Moreover, Greyson refused to have Fig Trees screened at the Tel Aviv International LGBT Film Fest because of what he sees as Israel’s apartheid against Palestinians.

Falcon Heights native Jenni Olson’s new short, 575 Castro Street, screens at this year’s Queer Takes. Otto regards her as the mother of independent queer cinema consciousness in Minnesota. Founder of the pioneering local Lavender Images film series in 1987 before she moved to San Francisco, she always has had her finger on the pulse. With this particular short, Olson got the amazingly opportunity to shoot the filmmaking process on the set of Gus Van Sant’s Milk. She has paired this footage with audio recorded by Harvey Milk that was to be played in the event of his assassination.

Training Rules
Documentary on Lesbophobia in College Basketball Reveals the Real Rene Portland

You know when the director of the Oscar-nominated Best Documentary Short, Straight From the Heart, and the cinematographer of the Oscar-winning Best Documentary Short, Deadly Deception, collaborate on a new documentary, you’re bound to get one hell of a film—especially when it deals with discrimination against lesbian college basketball players. That’s the thorny subject tackled by codirectors Dee Mosbacher and Fawn Yacker in Training Rules. Though Yacker is its cinematographer, she also cowrote, codirected, and coproduced it with Mosbacher.
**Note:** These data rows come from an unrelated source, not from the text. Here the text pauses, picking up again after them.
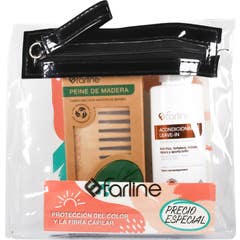 Farline Pack Necessaire Leave-In 150 ml + Bamboe Kam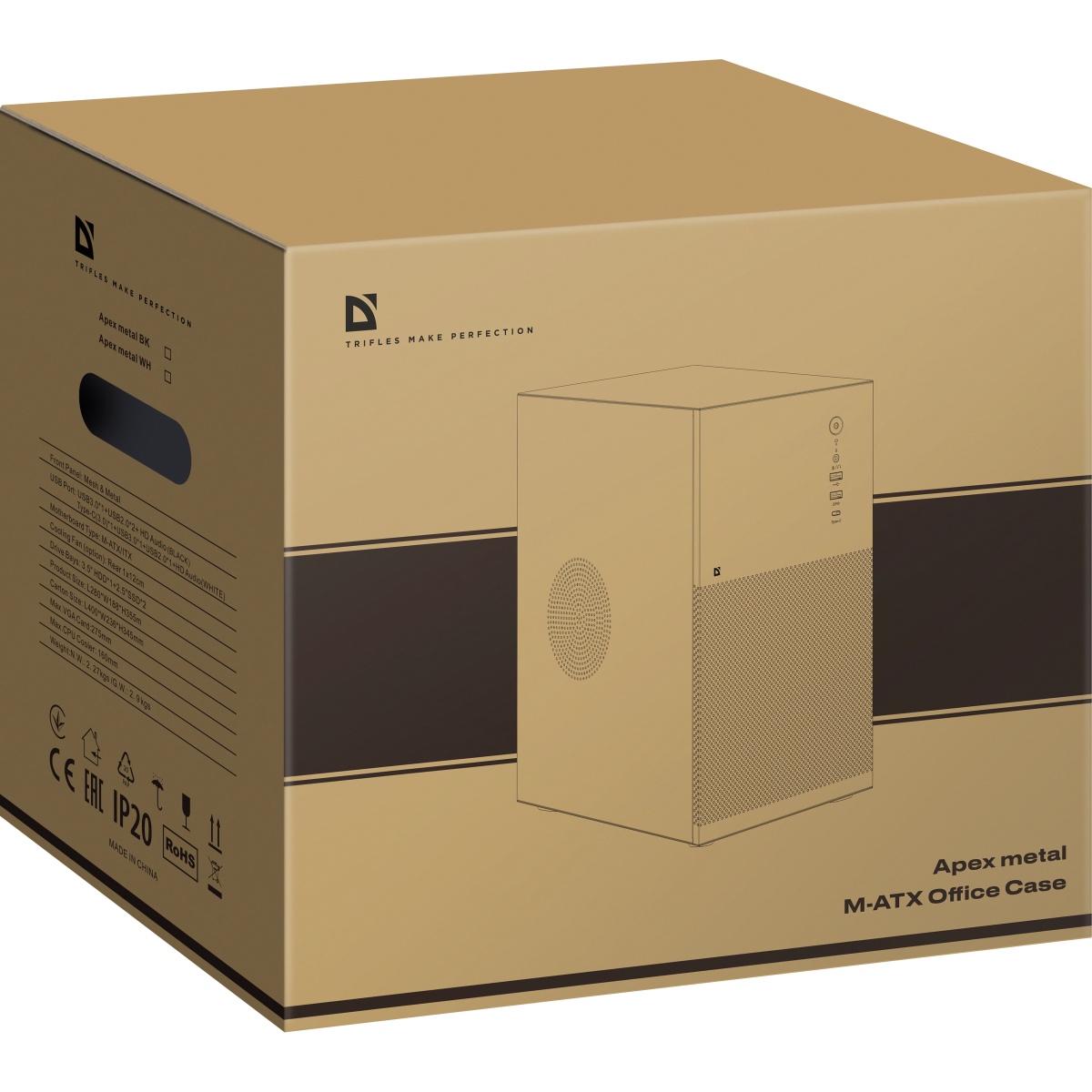 Корпус Defender Apex Metal White — изображение 7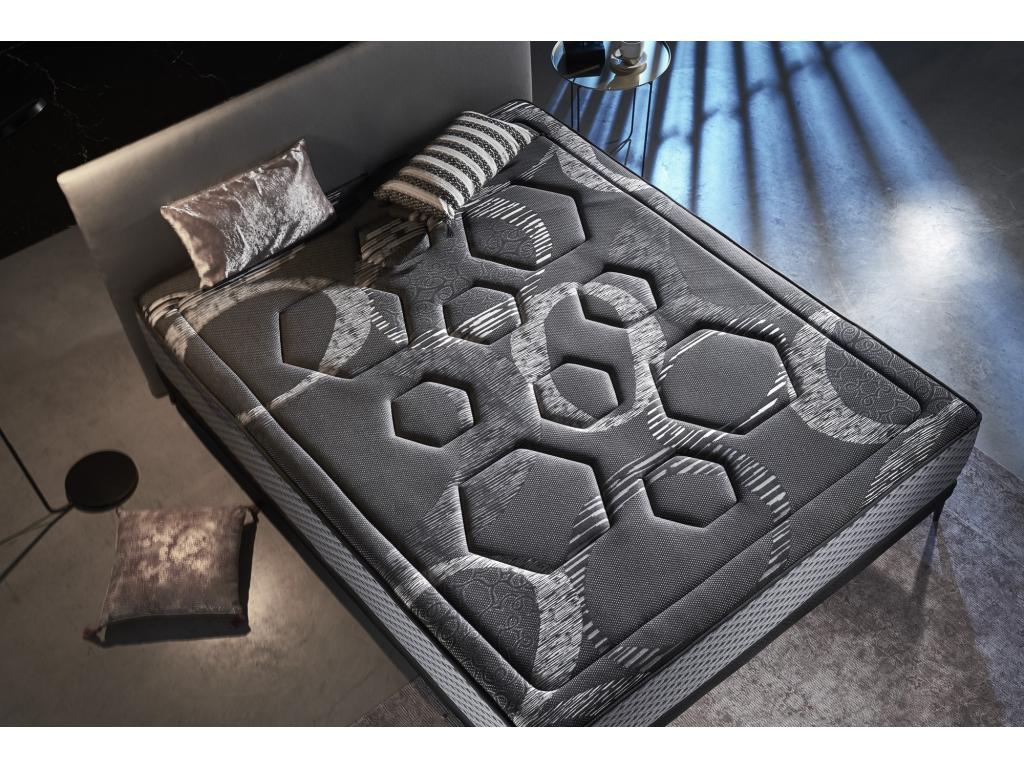 Pocket spring mattress 80x180 Graphene Night Mobenze Height 30 /-2. GRJO08806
The codirectors expose the legacy of Pennsylvania State University (PSU) Lady Lions Head Basketball Coach Rene Portland, who had three cardinal rules: No drinking. No drugs. No lesbians. She got away with this crazy cruel credo for years, until star athlete student Jennifer Harris challenged her in 2006. The film also looks at six other women Portland victimized.

Yacker reflects, “Jen was up against a huge challenge: PSU and their coaching icons. Rene Portland was supported by football coach Joe Paterno. Both had been glorified in the sports community, despite Rene’s public statements condemning lesbians and their participation in college sports. Jennifer knew she would be the brunt of negative criticism, and potentially lose her chance to play in the WNBA. She knew she might not win against one of collegiate basketball’s most winning coaches, and the legal resources available to a large university. She knew that her lifelong dreams might be squelched forever, and yet, she decided that no one should ever have to go through what she went through. At the time she made this decision, she had no idea how many others had suffered before her. In my mind, that makes her decision to step forward even more courageous.”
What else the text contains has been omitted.